Where will the winds blow the party next?
The Liberal Party has long operated on the left side of the political spectrum, but it has also long displayed a willingness and an ability to shift with the prevailing political winds. That’s how a party gets from Mackenzie King (famously cautious) to Lester B. Pearson (famously active) to Jean Chrétien (famously balanced the federal budget) to Justin Trudeau (famously didn’t).
In word and deed, Trudeau moved the Liberal Party further to the left than it had been under his immediate predecessors. To some extent that might have been dictated by the pre-eminent concerns of the moment. But long before Trudeau was compelled to resign, it was possible to see how the party might change tack again, even if only slightly, in his wake.
Trudeau’s Liberals were widely viewed as being primarily focused on things like inequality, wealth redistribution, social programs, climate change and reconciliation. And so it would be unsurprising if the race to choose Trudeau’s successor saw some push to focus on things that he was accused of not paying enough attention to — like economic growth and fiscal discipline.
In her resignation letter to the prime minister, Freeland emphasized a difference of opinion over how much the government was spending. And in his campaign launch last week, Carney voiced the concern that the Trudeau government had let its “attention wander from the economy too often.”

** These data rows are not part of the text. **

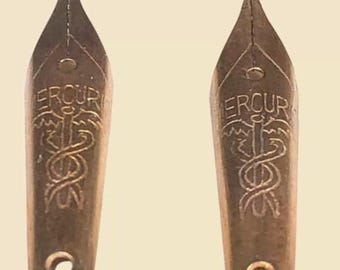 Fountain pen nibs, lot of 2, MERCURIO Fine gold nibs - vintage nibs, writing accessories, retro nibs, calligraphy nibs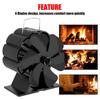 6 Blades Heat Powered Stove Fan Mini Black Fireplace Fan Komin Log Wood Burner Eco Quiet Fan Home Efficient Heat Distribution
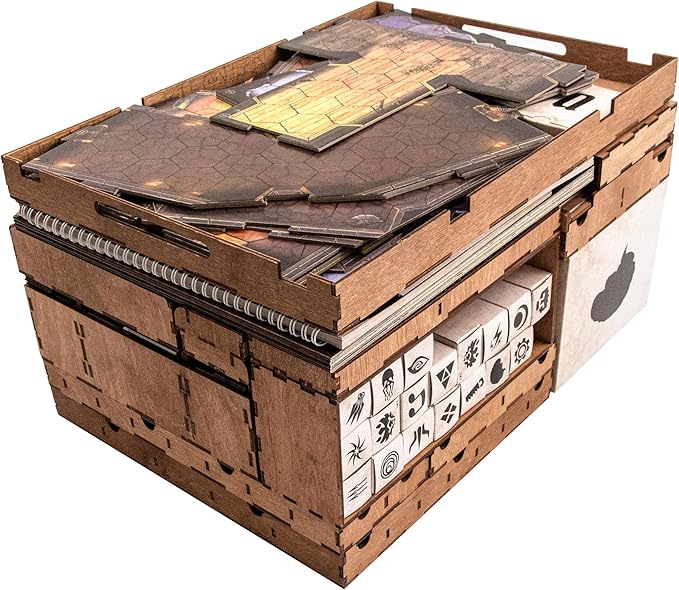 SMONEX Wooden Organizer and Four Player Boards Compatible with Gloomhaven Board Game - Box Suitable for Storage All Gloomhaven Expansions - Insert and Storage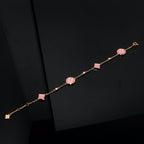 [Plus&Max]STAR AND SUN 4 MOTIF PINK MOP PINK GOLD BRACELET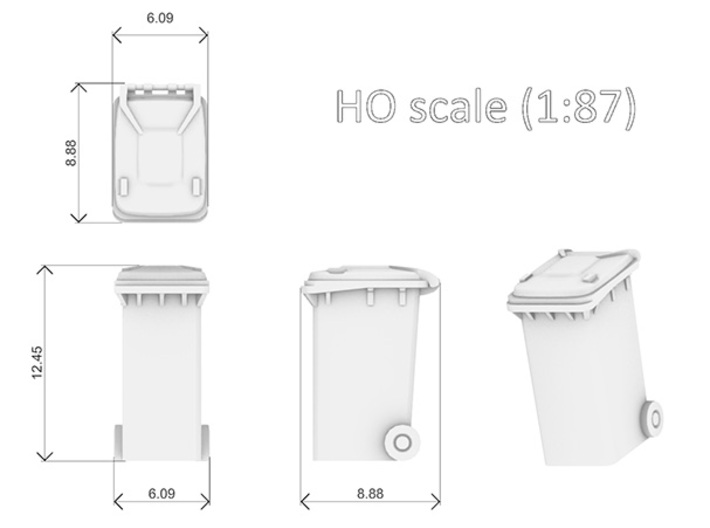 Trash bin Ver03. HO Scale (1:87) 3d printed Measurements in HO scale
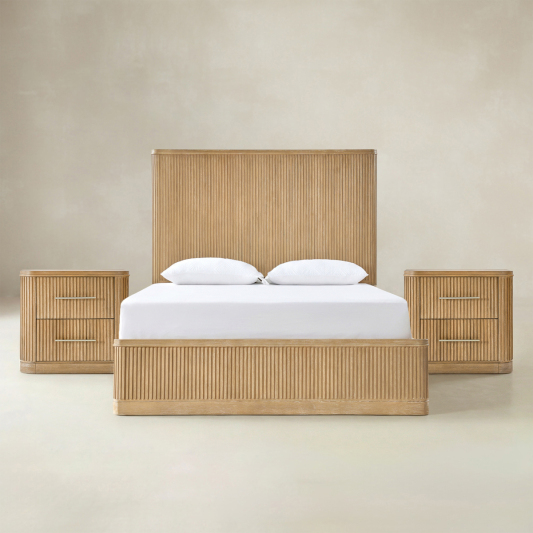 Verral Fluted Wood 3-piece Bedroom Set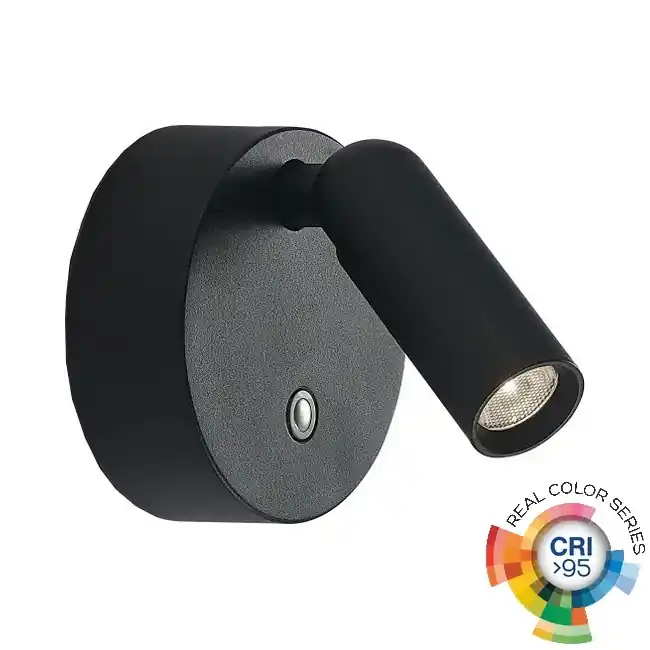 Ideal Lux - LED Stmívatelné nabíjecí dotykové nástěnné bodové svítidlo BEAN LED/3W/5V 2200 mAh CRI 95 černá Must-Have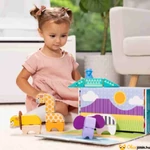 Kép 3/3 - Blockables - Szafari állatok fa építőjáték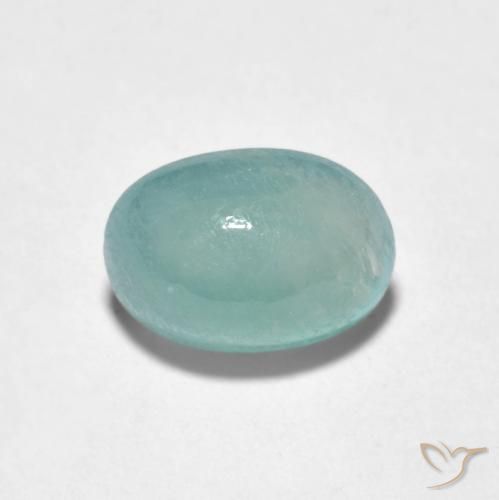 2.06ct طبيعي أخضر أزرق فاتح غرانديديريت, بيضوي, نصف شفاف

A turn toward such issues would fit with both the elite discourse of the moment (rarely, if ever, has so much attention been paid to Canada’s GDP per capita) but also with the prevailing political trend (the Liberals have largely lost voters to the Conservatives). A new focus on classic economic concerns might also align with the most immediate threat to the country: Donald Trump’s trade policies.
But either way, the details will matter.
If not a capital gains increase, then what?

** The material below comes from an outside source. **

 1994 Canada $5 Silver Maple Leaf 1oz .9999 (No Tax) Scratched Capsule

Killing the carbon tax might have been politically necessary (or inevitable), but it also leaves a hole in Canada’s existing plan to reduce greenhouse gas emissions. How will the Liberal leadership contenders address that gap?
Abandoning the capital gains changes might seem easy enough, but the federal government also expected the move to increase federal revenues by $19.4 billion over the next five years. Would the candidates replace that revenue or try to make do without it?
But reforming capital gains wasn’t touted only as a way to raise revenue to pay for things like dental care. It was also said to be about economic inequality and re-balancing an unfair tax system.
On her way into a Liberal caucus meeting in Ottawa on Thursday, Toronto MP Chrystia Freeland says her focus while running to be the next party leader is reviving its grassroots and making its processes more democratic.
“In addition to the fiscal cost [of scrapping the capital gains changes], there should be some caution politically … because the question will be: do you put something else in the window that speaks to progressives?” Tyler Meredith, a former senior policy adviser in the Trudeau government, warned on the Race to Replace podcast this week (he was speaking before it became clear that all of the front-runners would reverse the changes).
“Because I think from an income and a wealth inequality perspective, we have to be careful about also leaving ourselves exposed to the NDP.”
The Liberal Party’s biggest concern right now might be closing the gap with the Conservatives. But it also owes a fair bit of its success in the last three elections to progressive policies and winning progressive votes — on issues like climate change and reconciliation.
And if there was a moral imperative last April to build a more equal society, it’s hard to imagine that even Donald Trump can render that principle moot now.